Our work lasted 18 hours a day, seven days a week. Constant rounds of interrogation, threats, and physical beatings accompanied the labour. The guards’ goal was to break our will, or faith, while squeezing as much productivity out of us as possible, short of killing us.
In today’s China, any Chinese person can be picked off the street and be immediately turned into a slave for years without legal procedure. Since 1999, this has happened to hundreds of thousands of people who practise Falun Gong and vanished into China’s vast system of labour camps.
Ethan Gutmann writes in his book "The Slaughter", on page 320, that on average 450,000 to 1 million Falun Gong practitioners are being held in the so called laogai (or “re-education” through labour camps).
Outdoors in Siberia-like weather of northeastern China winters, or in the suffocating heat of unventilated rooms filled with fumes from glue and faeces, detainees work up to 20 hours a day. Those who refuse are beaten, tortured, or starved.
What are they manufacturing? Our clothes, Christmas tree decorations, toys, chopsticks ...
Jennifer Zheng reported that she had to work from 5 o'clock in the morning until 2 or 3 o'clock in the morning the next day (21 hours) in the Beijing Xin'an Labour Camp, where she had to make toy rabbits for Beijing's Mickey Toys Co.
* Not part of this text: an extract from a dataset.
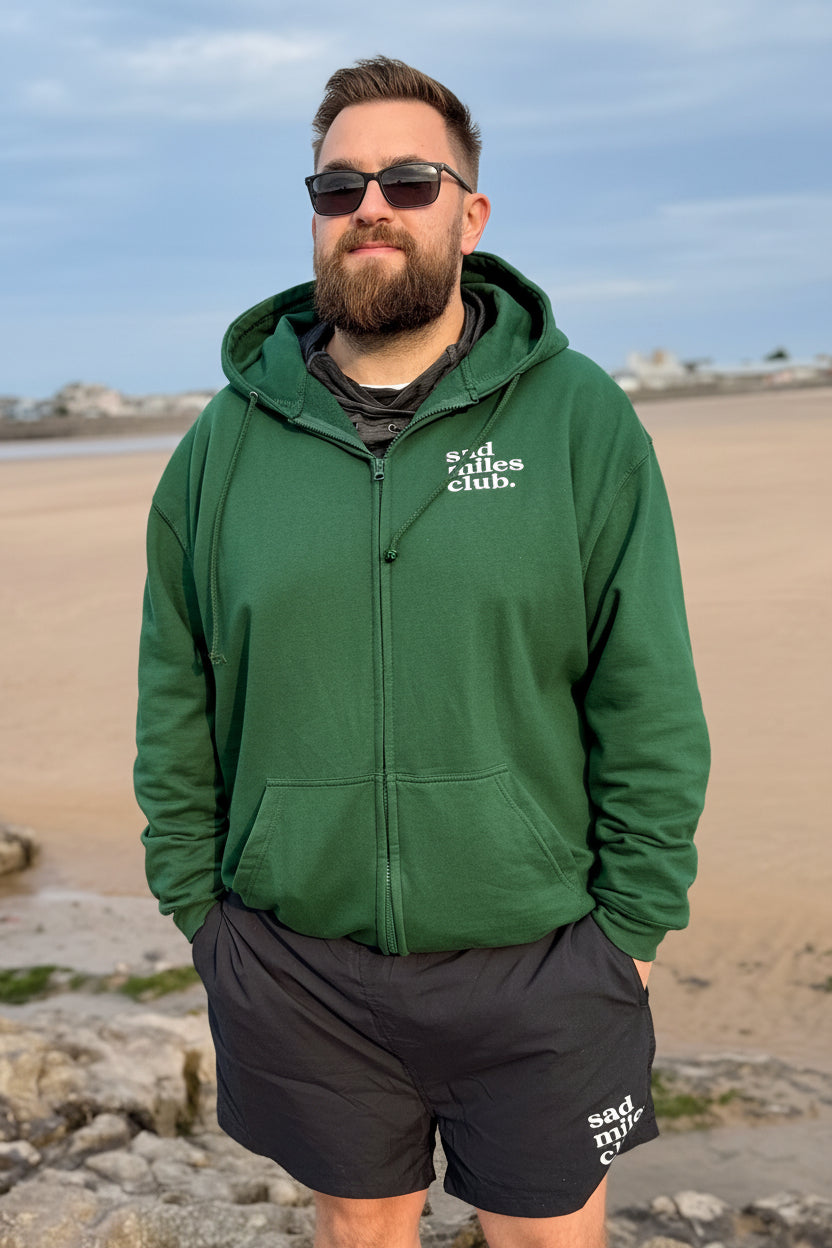 Man wearing a green hoodie with text on it, standing on a beach.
Ltd, reportedly subcontracted from Nestle. She was so exhausted that she could not clearly count from 1 to 9.
Another person told how "sanitary chopsticks" were produced in the Daxing County Labour Camp in Beijing. The chopsticks to be packed were piled on the floor arbitrarily and often stepped on by workers. Not a single measure had been taken to guarantee hygiene. The payment for the contracted forced labour was income for the policemen at the labour camps.